• _What is needed_
The entries below are to be given back exactly, with images excluded.

• _Data supplied_
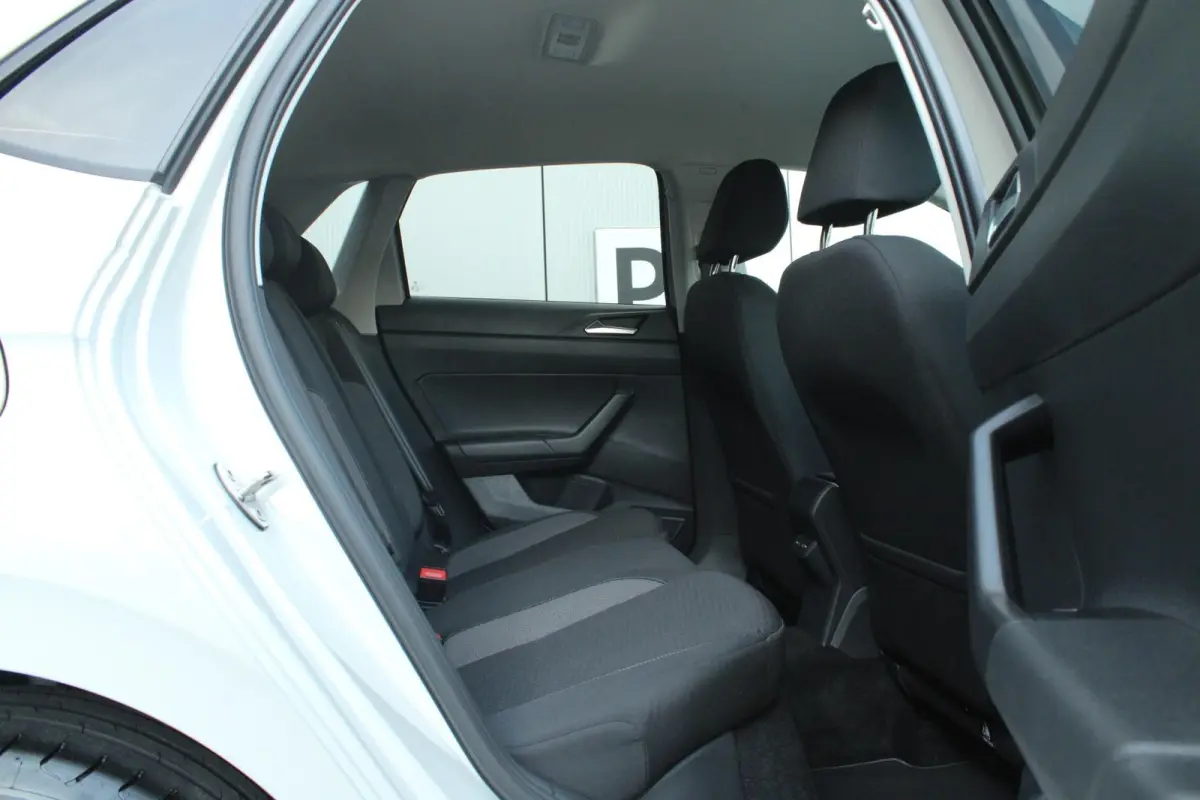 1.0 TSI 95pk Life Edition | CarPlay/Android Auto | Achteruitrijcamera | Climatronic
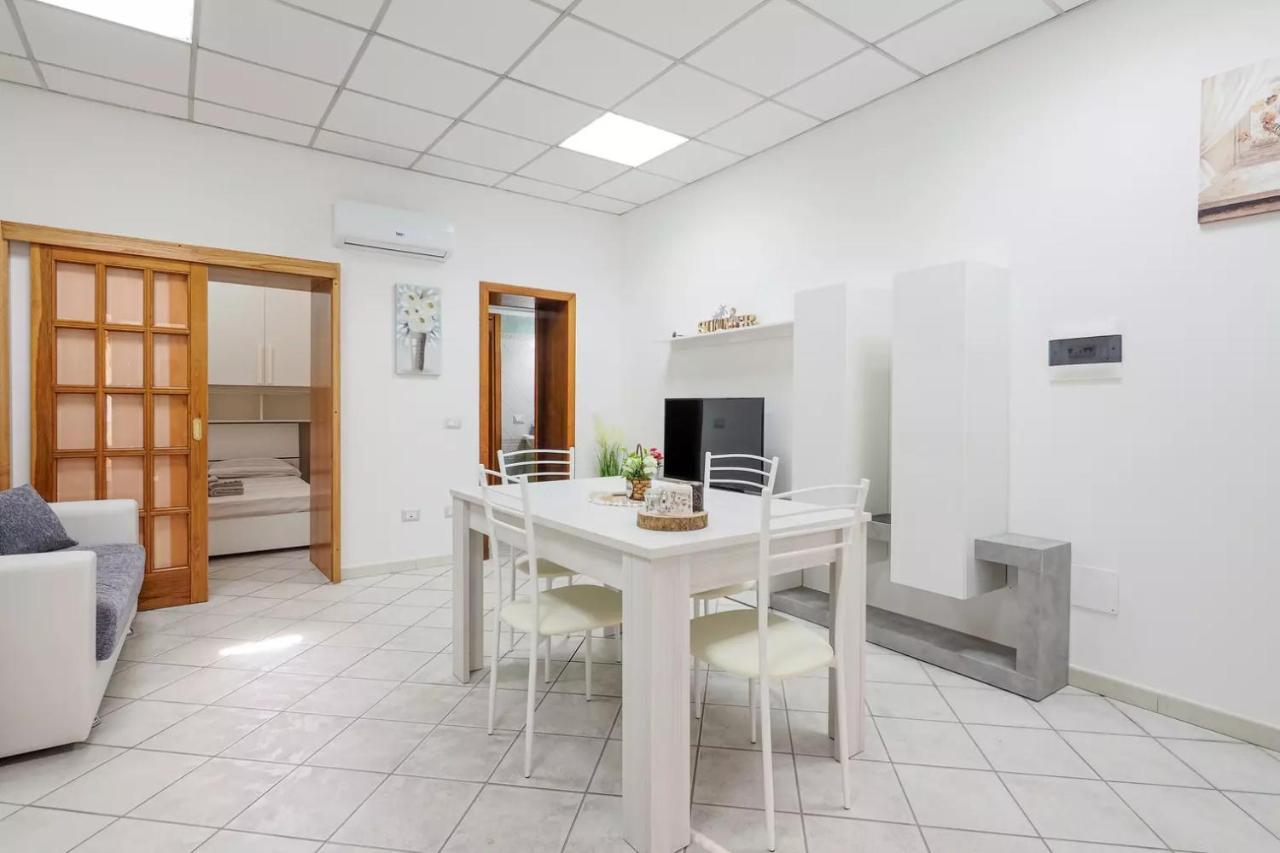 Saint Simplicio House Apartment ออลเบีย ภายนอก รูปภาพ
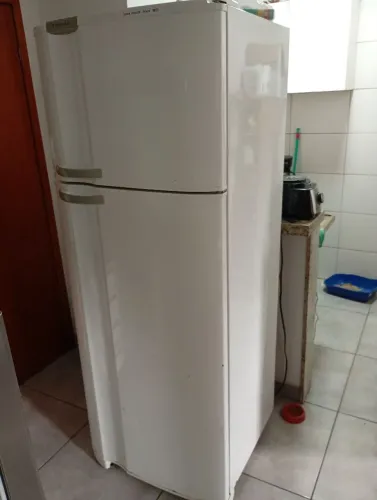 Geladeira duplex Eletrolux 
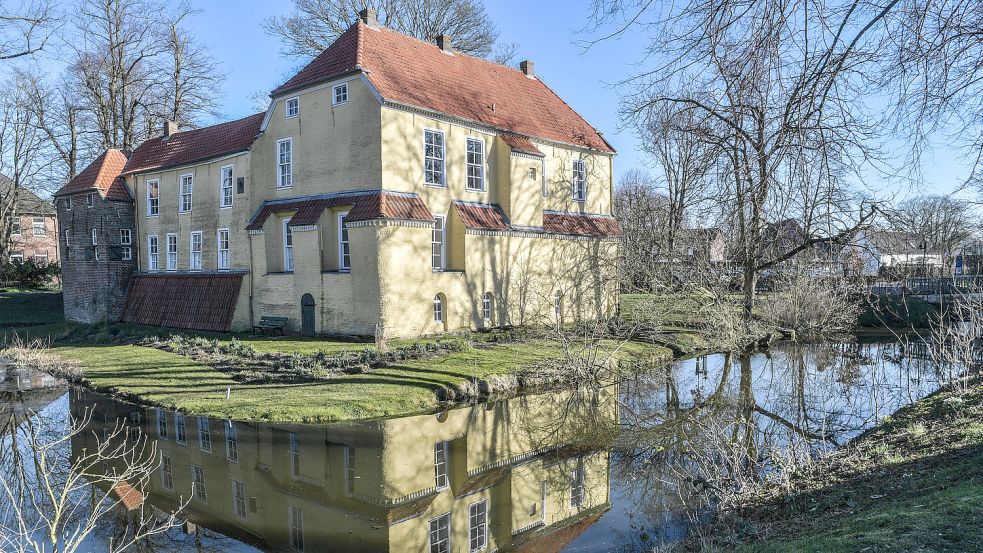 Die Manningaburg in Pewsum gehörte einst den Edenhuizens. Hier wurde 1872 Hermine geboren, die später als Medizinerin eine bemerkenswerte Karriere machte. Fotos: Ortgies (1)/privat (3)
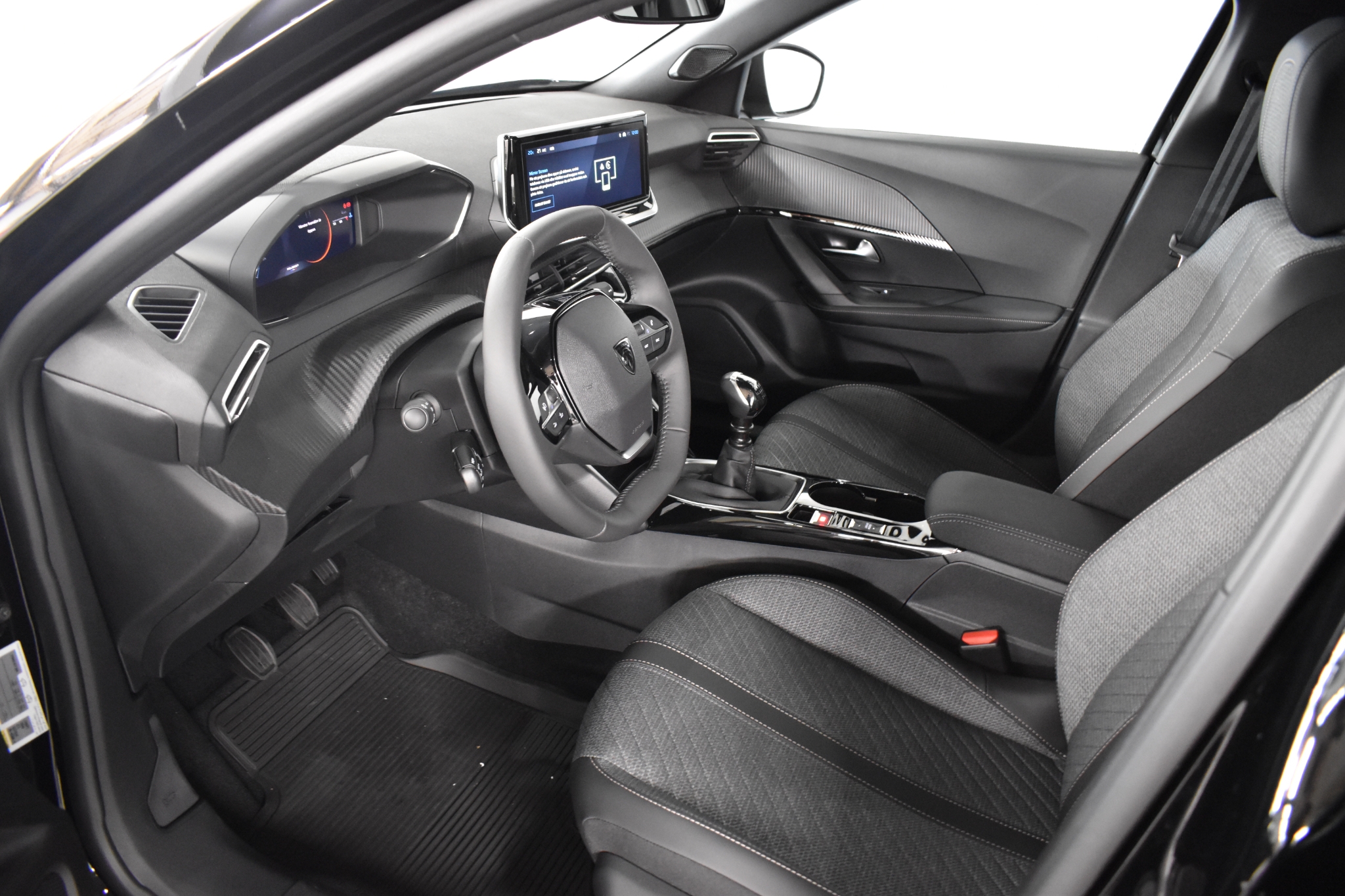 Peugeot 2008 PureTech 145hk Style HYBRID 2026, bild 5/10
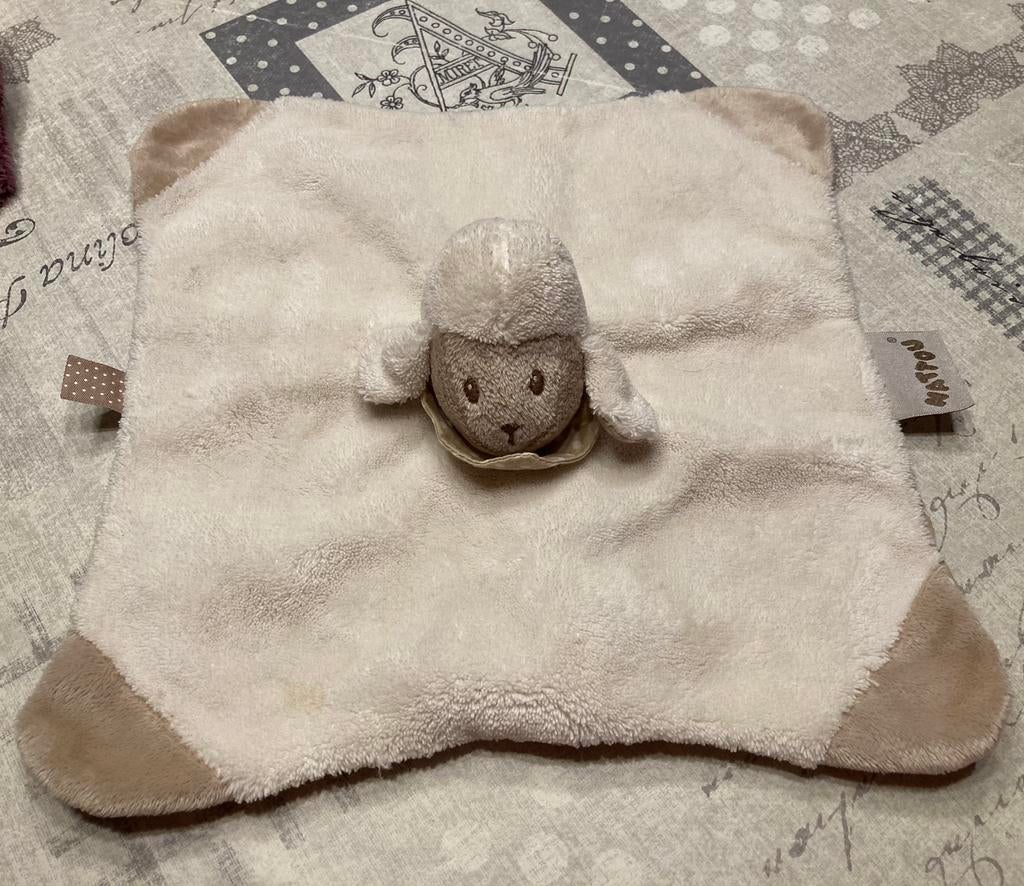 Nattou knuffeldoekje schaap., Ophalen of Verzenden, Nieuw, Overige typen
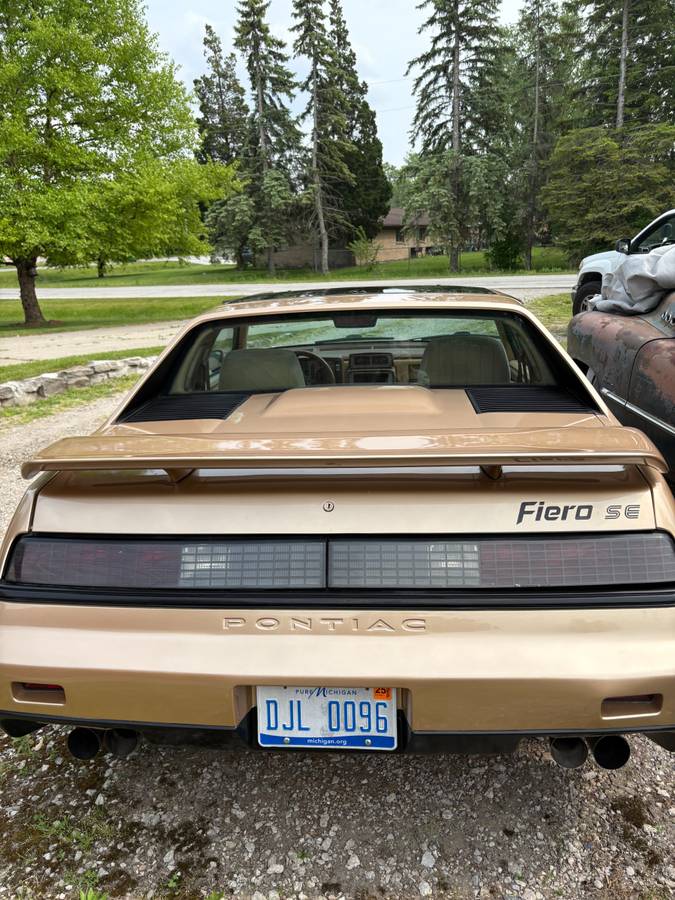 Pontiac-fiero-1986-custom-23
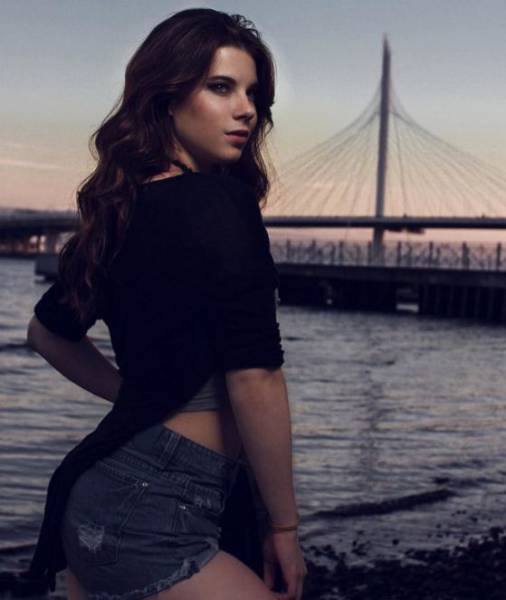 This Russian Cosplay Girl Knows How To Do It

• _Problem solution_
 1.0 TSI 95pk Life Edition | CarPlay/Android Auto | Achteruitrijcamera | Climatronic
 Saint Simplicio House Apartment ออลเบีย ภายนอก รูปภาพ
 Geladeira duplex Eletrolux 
 Die Manningaburg in Pewsum gehörte einst den Edenhuizens. Hier wurde 1872 Hermine geboren, die später als Medizinerin eine bemerkenswerte Karriere machte. Fotos: Ortgies (1)/privat (3)
 Peugeot 2008 PureTech 145hk Style HYBRID 2026, bild 5/10
 Nattou knuffeldoekje schaap., Ophalen of Verzenden, Nieuw, Overige typen
 Pontiac-fiero-1986-custom-23
 This Russian Cosplay Girl Knows How To Do It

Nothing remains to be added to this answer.